*Work to complete*: One part of the entries below is wanted: the lines from the one containing "A modern two-story" through the one containing "Personil Polsek Proppo". Write those out exactly and nothing else.

*Task material*:
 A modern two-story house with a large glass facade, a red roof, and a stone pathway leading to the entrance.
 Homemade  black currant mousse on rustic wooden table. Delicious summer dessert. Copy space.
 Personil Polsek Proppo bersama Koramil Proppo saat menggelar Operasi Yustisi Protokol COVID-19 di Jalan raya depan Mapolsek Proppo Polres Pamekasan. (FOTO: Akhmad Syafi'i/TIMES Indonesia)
==
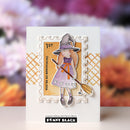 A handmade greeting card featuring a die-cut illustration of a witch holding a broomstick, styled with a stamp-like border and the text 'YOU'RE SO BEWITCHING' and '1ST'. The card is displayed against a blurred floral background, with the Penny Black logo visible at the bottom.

*Problem solution*:
 A modern two-story house with a large glass facade, a red roof, and a stone pathway leading to the entrance.
 Homemade  black currant mousse on rustic wooden table. Delicious summer dessert. Copy space.
 Personil Polsek Proppo bersama Koramil Proppo saat menggelar Operasi Yustisi Protokol COVID-19 di Jalan raya depan Mapolsek Proppo Polres Pamekasan. (FOTO: Akhmad Syafi'i/TIMES Indonesia)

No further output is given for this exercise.